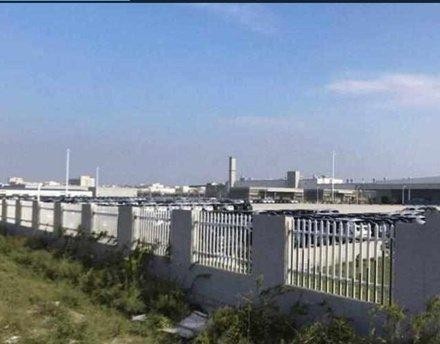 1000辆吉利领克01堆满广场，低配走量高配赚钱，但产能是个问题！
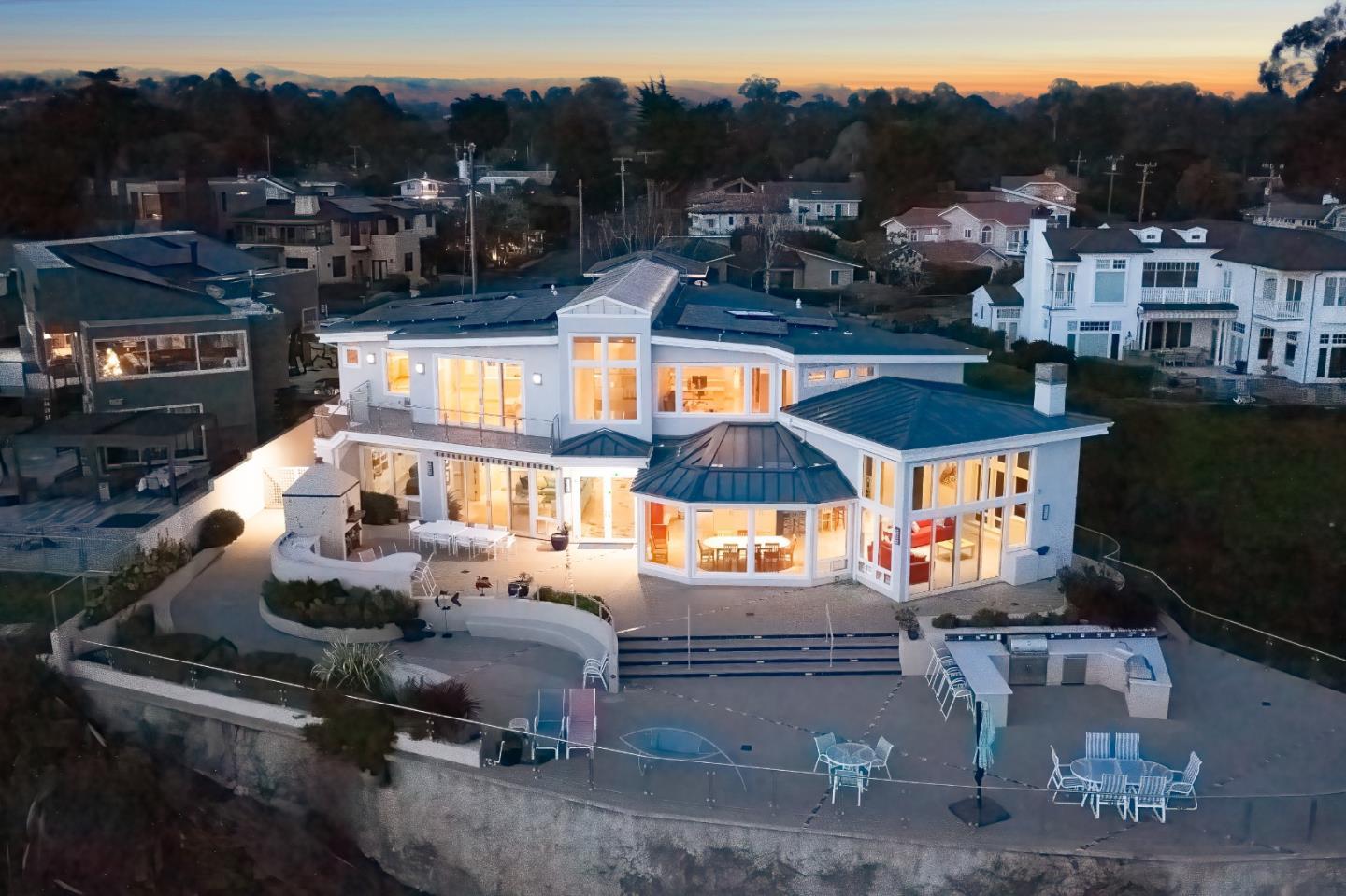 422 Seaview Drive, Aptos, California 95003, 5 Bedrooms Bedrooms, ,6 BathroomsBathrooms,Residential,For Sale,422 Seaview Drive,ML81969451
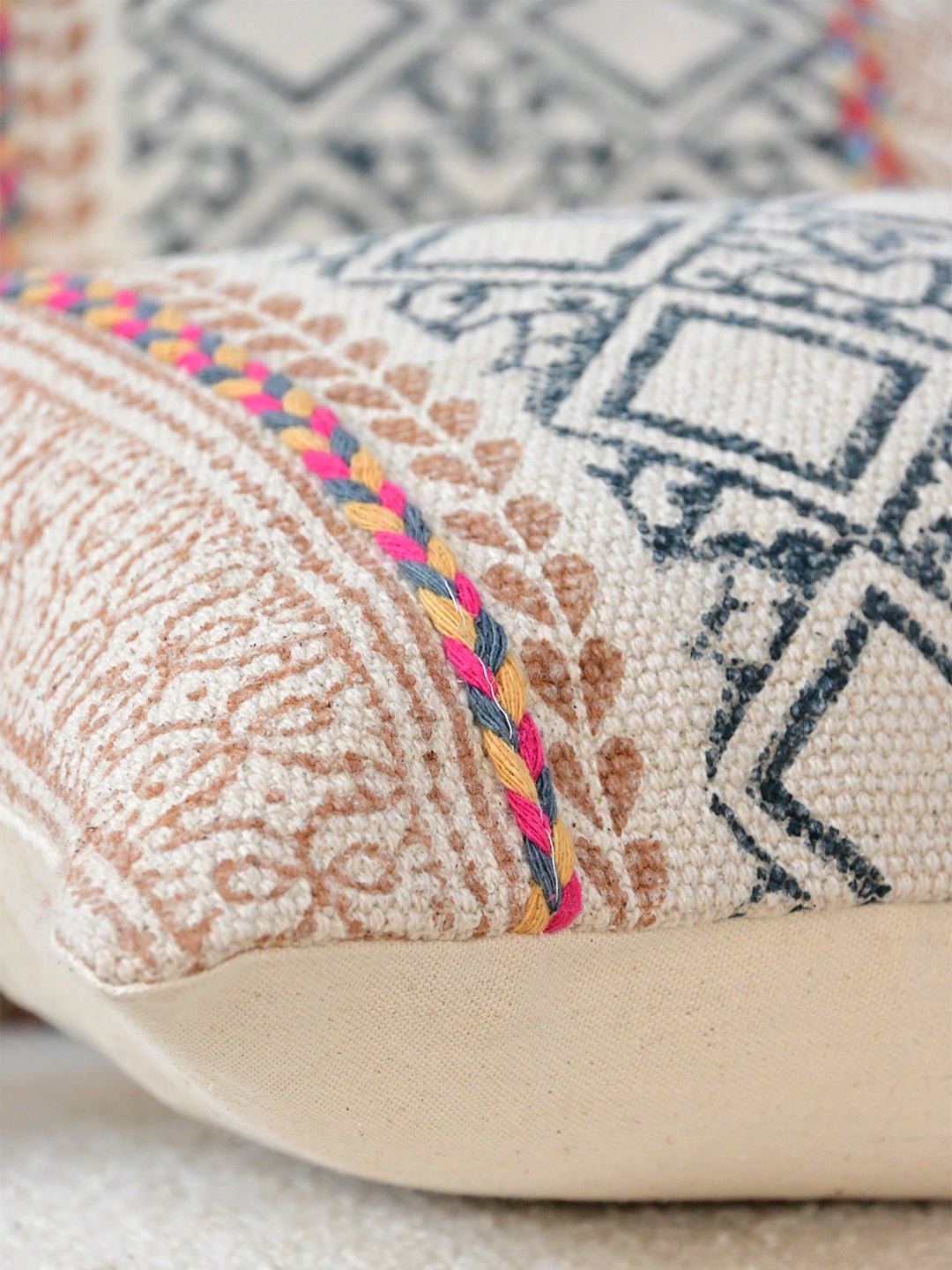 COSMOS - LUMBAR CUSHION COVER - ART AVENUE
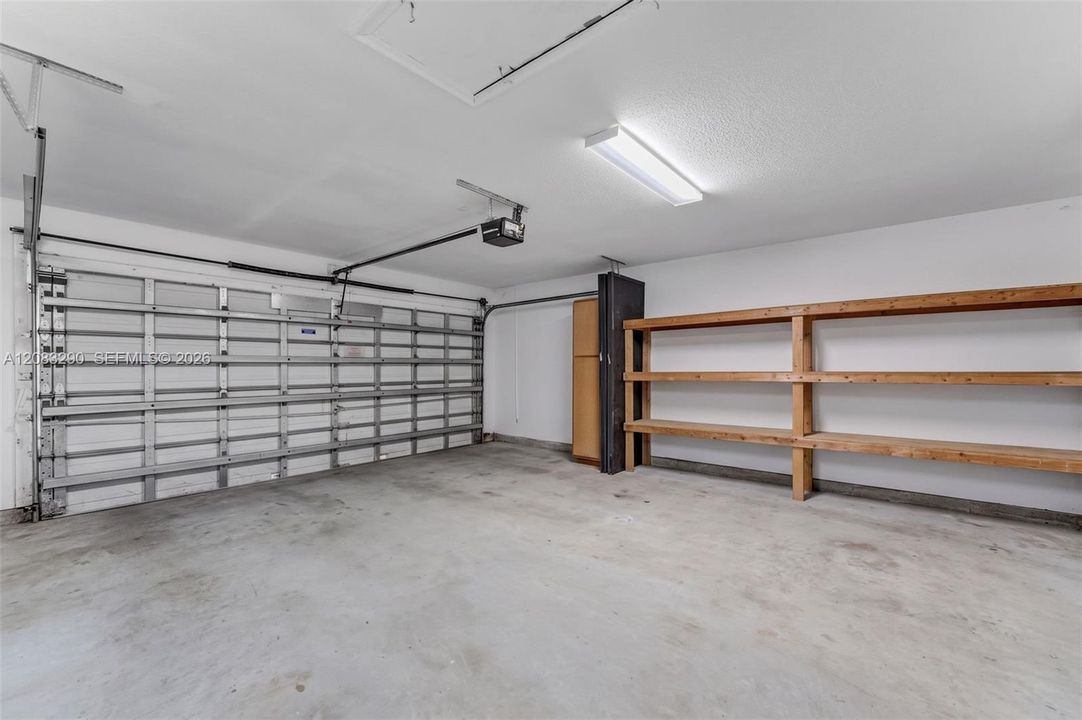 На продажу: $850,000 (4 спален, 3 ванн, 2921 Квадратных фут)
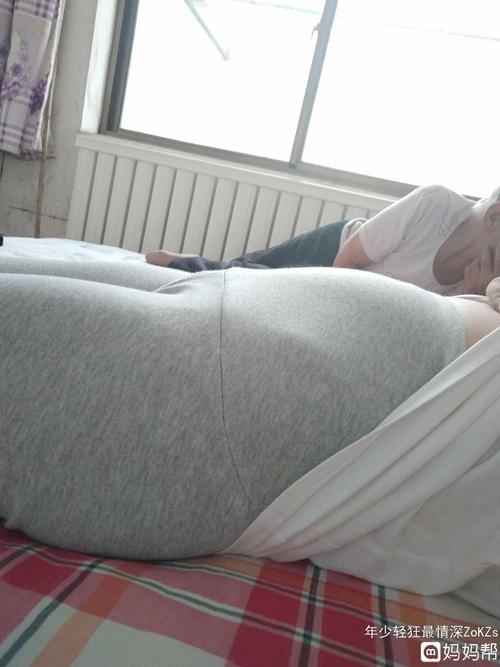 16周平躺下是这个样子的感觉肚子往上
* * *
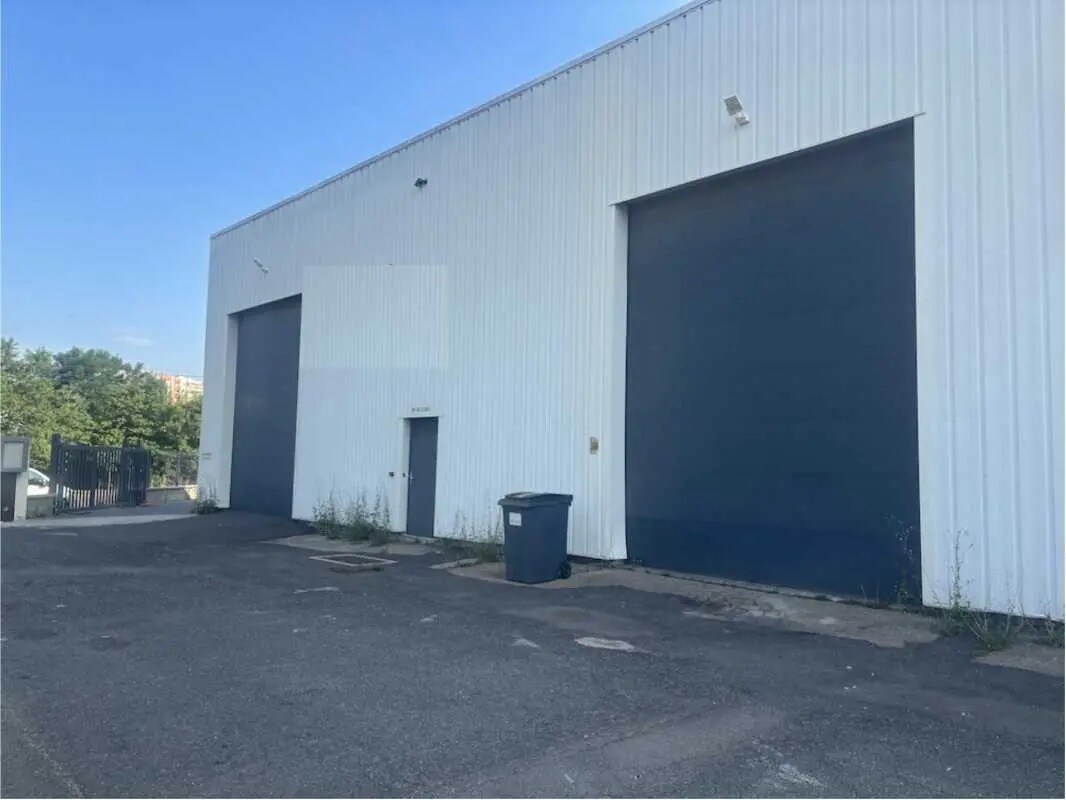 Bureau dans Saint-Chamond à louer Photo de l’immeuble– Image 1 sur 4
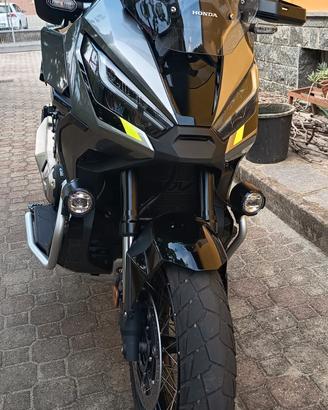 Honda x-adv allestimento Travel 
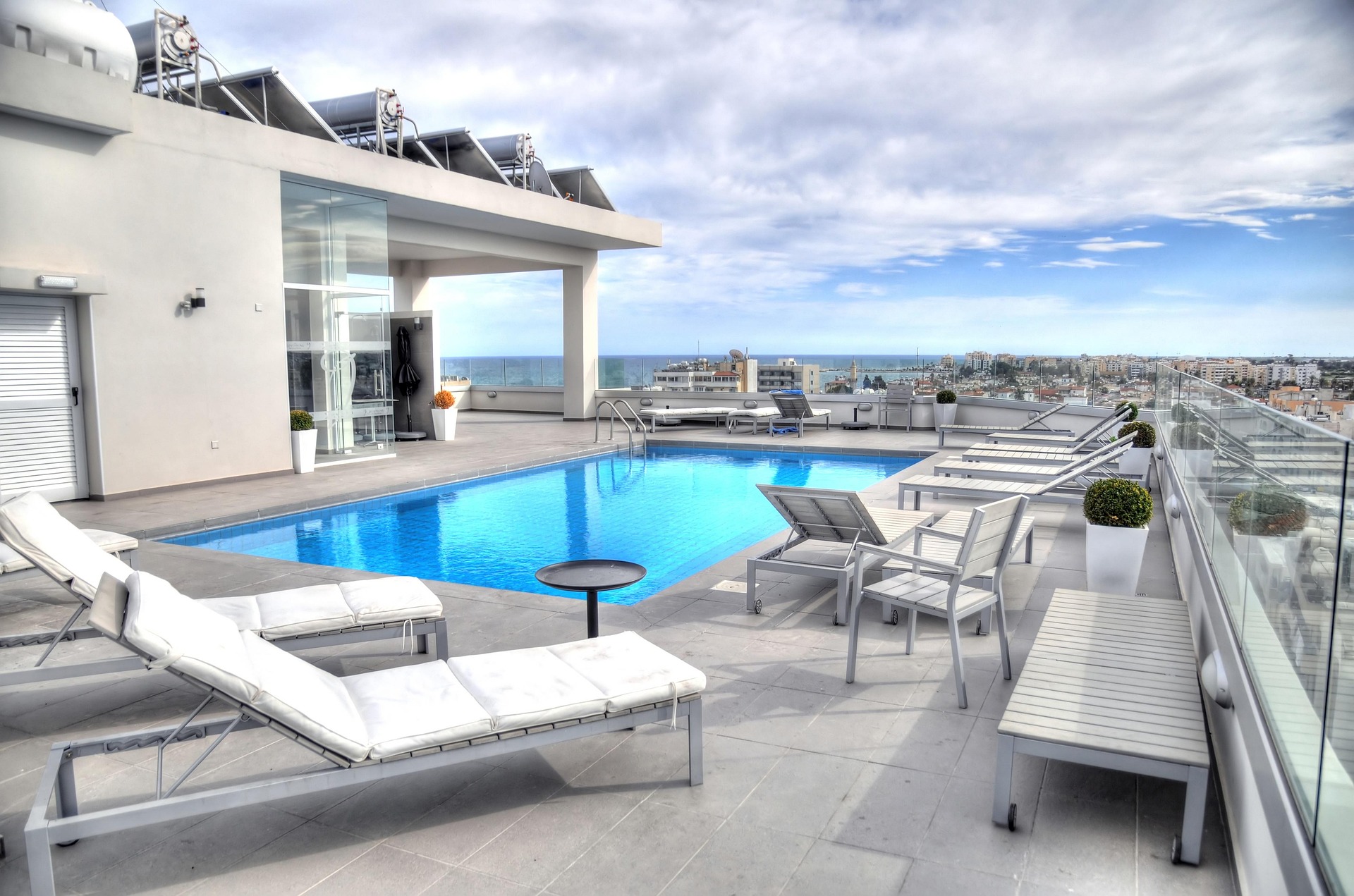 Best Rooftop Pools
* * *
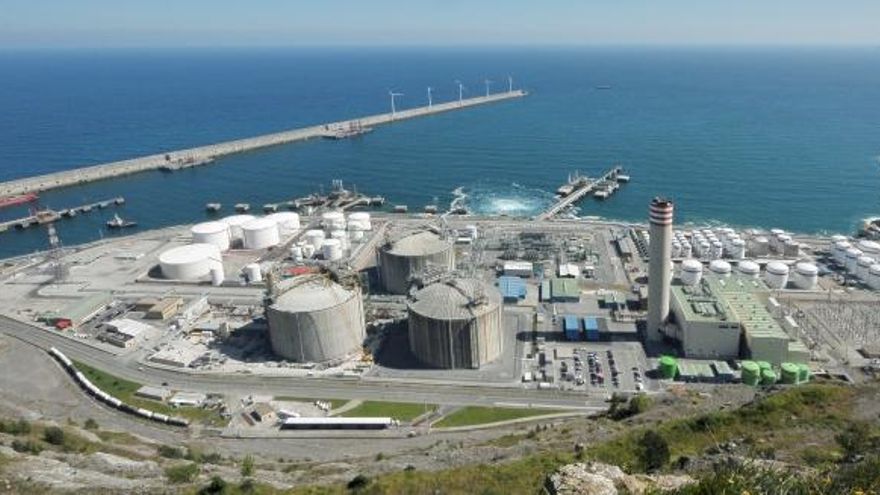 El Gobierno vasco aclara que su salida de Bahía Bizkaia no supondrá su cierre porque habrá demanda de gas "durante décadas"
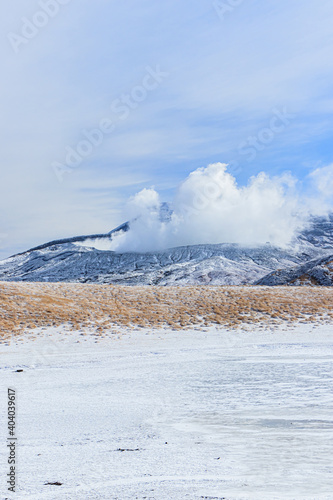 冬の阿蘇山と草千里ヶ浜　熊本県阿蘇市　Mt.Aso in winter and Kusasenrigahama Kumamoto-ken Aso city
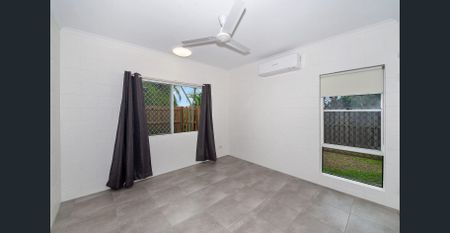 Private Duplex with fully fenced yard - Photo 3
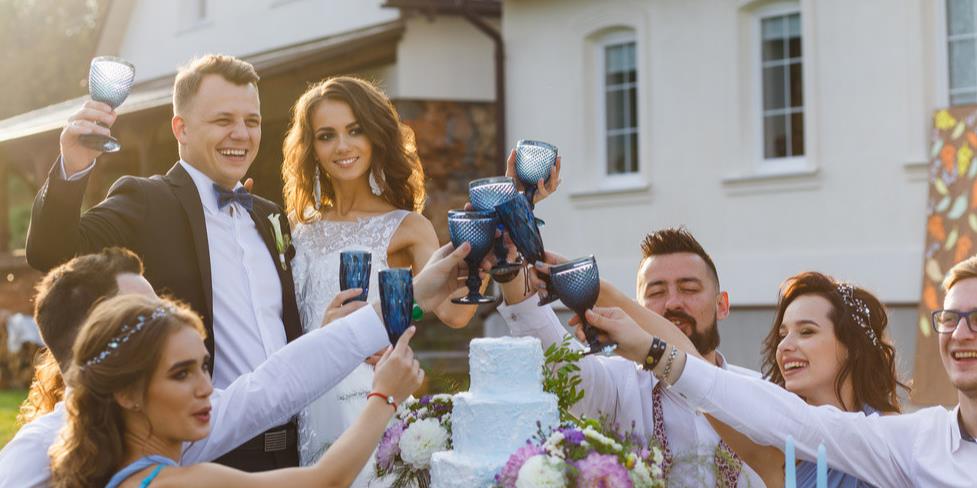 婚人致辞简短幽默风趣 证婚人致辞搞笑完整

◆ **Problem description**
Skip every picture, and restate word for word only the lines above from the line containing "На продажу: $850,000" to the line containing "16周平躺下是这个样子的感觉肚子往上", both of them included.

◆ **Reply**
 На продажу: $850,000 (4 спален, 3 ванн, 2921 Квадратных фут)
 16周平躺下是这个样子的感觉肚子往上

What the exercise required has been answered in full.